**INSTRUCTIONS TO FOLLOW:** Each line from the one with "Puma Cat Graphıc" through the last line below must be written out exactly. Do not copy pictures.

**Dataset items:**

= Beginning of Section =

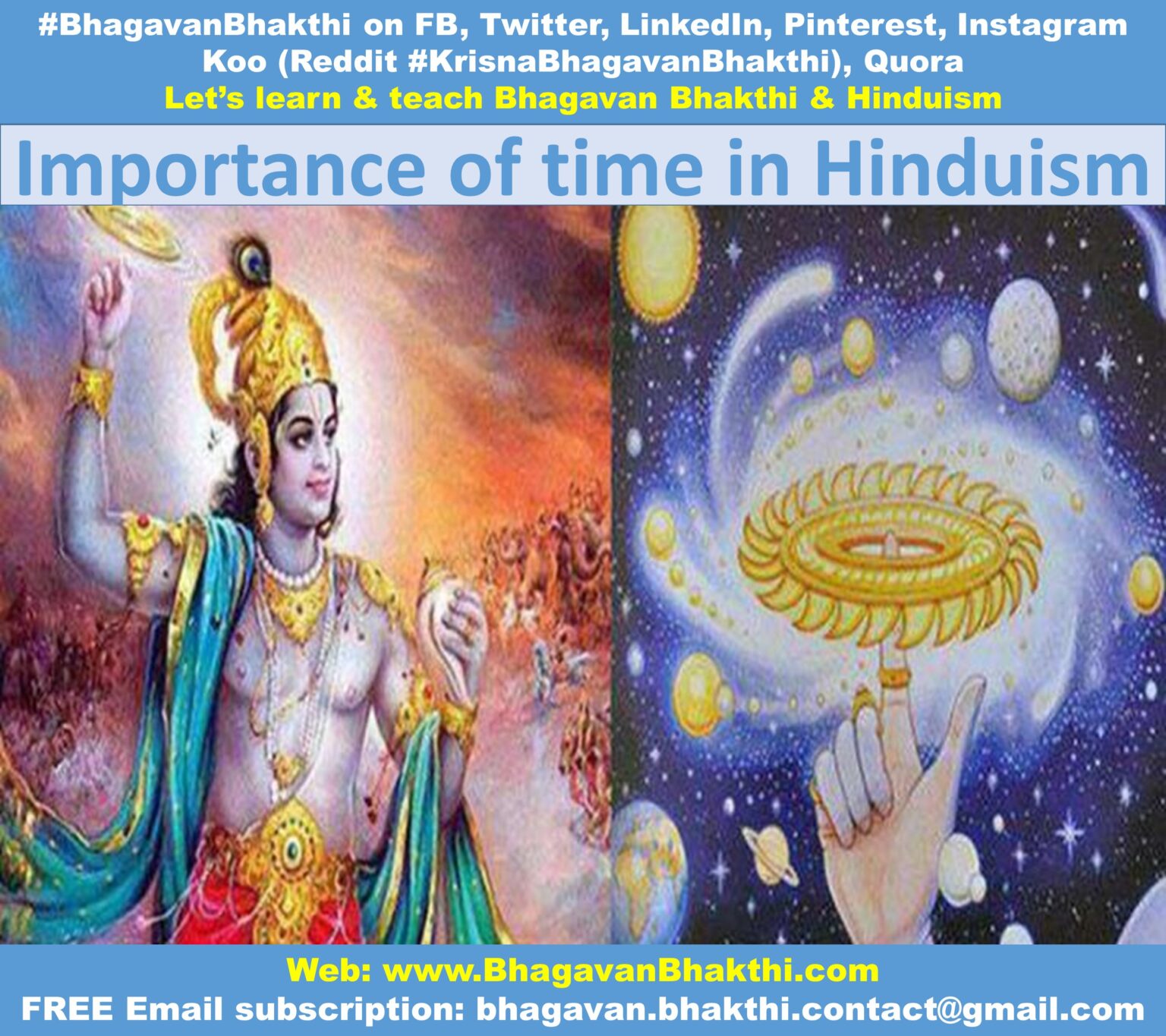 is time travel mentioned in vedas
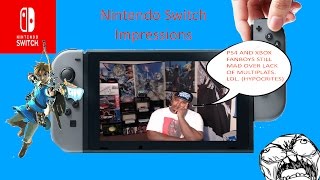 Nintendo Switch Presentation Impressions And Fanboy Rant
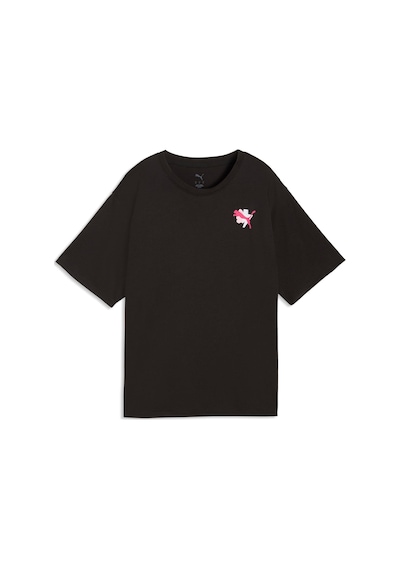 Puma Cat Graphıc Kadın Antrenman Tişörtü 528490 01 Siyah
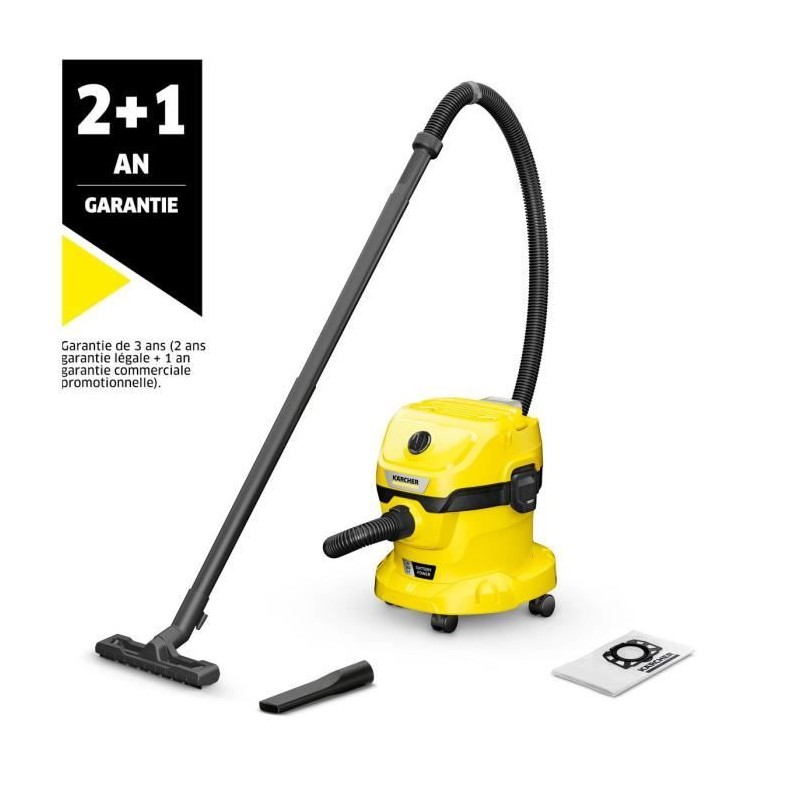 Aspirateur eau et poussieres sans fil WD 2-18 V-12/18 (sans batterie)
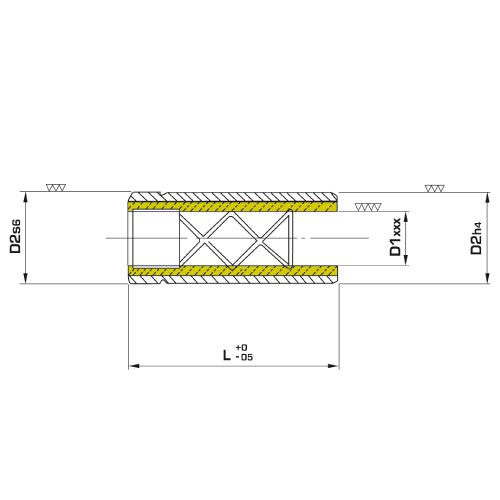 Гладкая втулка с бронзовой вставкой B4B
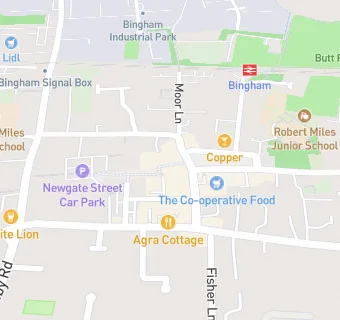 map for Eaton Place Fish Bar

= End of Section =

**ANSWER FOR THE TASK:**
 Puma Cat Graphıc Kadın Antrenman Tişörtü 528490 01 Siyah
 Aspirateur eau et poussieres sans fil WD 2-18 V-12/18 (sans batterie)
 Гладкая втулка с бронзовой вставкой B4B
 map for Eaton Place Fish Bar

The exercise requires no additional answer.